● **How to complete this task**: Where a picture appears, skip it and copy everything else in the listing exactly.

● **Dataset extract**:
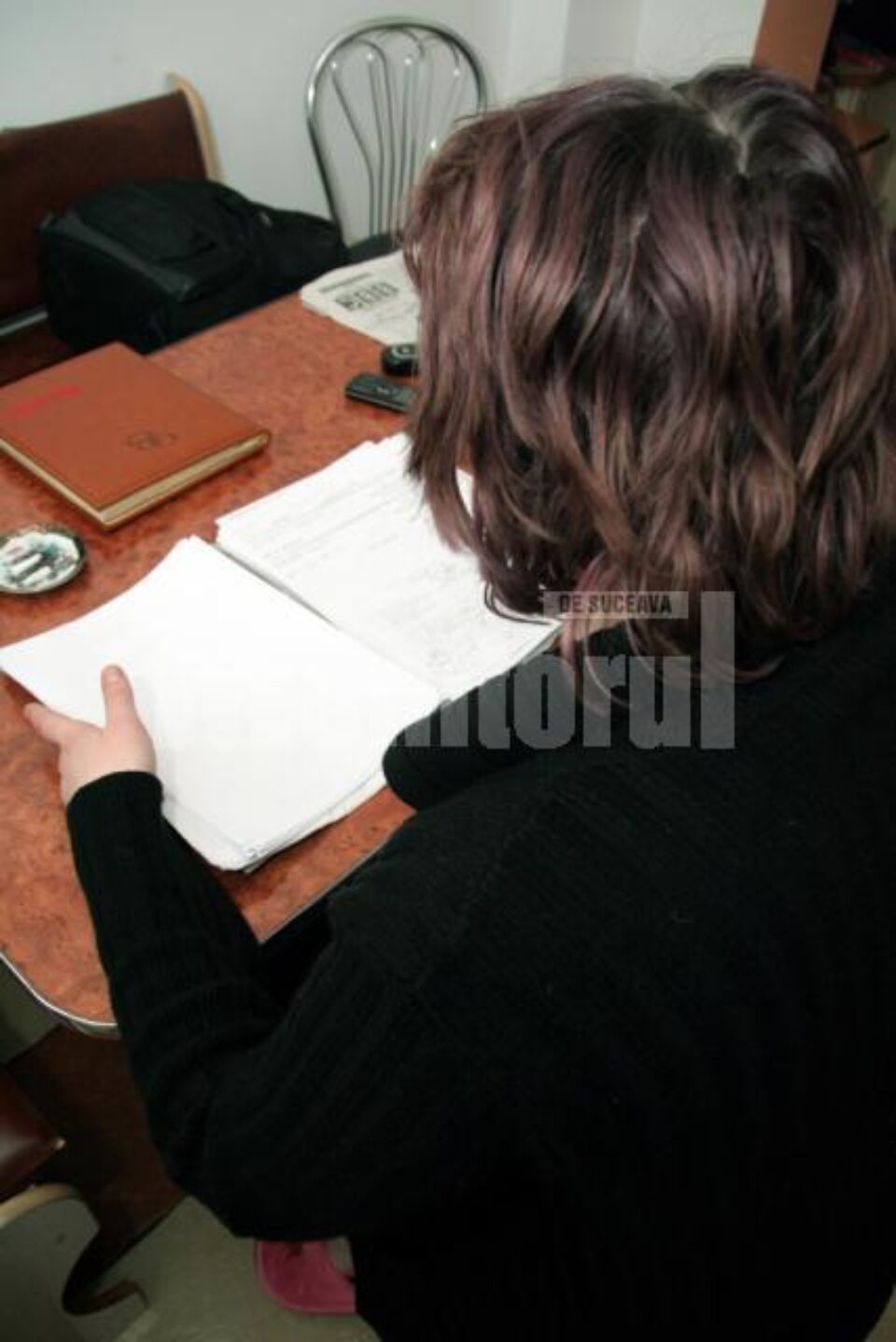 Suceveanca, în fața zecilor de mandate poștale pe care le-a trimis către buzoiancă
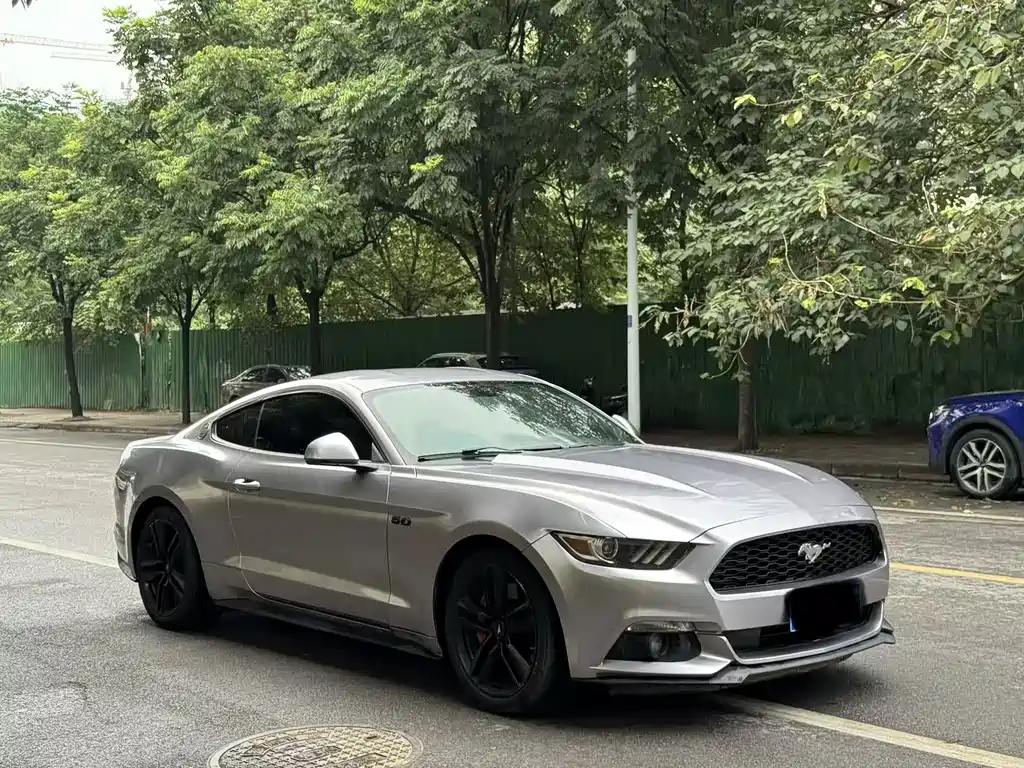 Ford Mustang 2015 — фото 3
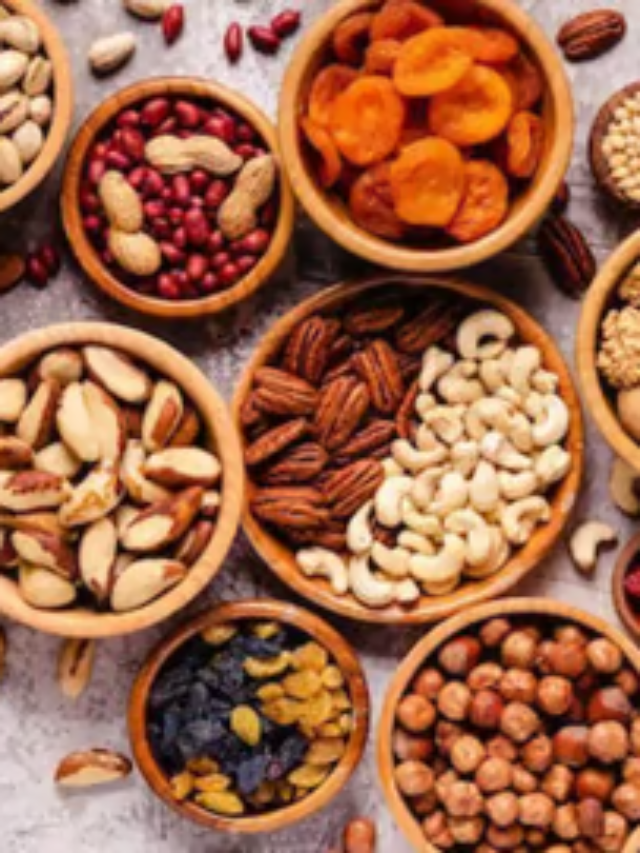 सर्दियों में खुद को एक्टिव- सेहतमंद रखने के लिए खांए ये Dry Fruits !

● **Expected output**:
 Suceveanca, în fața zecilor de mandate poștale pe care le-a trimis către buzoiancă
 Ford Mustang 2015 — фото 3
 सर्दियों में खुद को एक्टिव- सेहतमंद रखने के लिए खांए ये Dry Fruits !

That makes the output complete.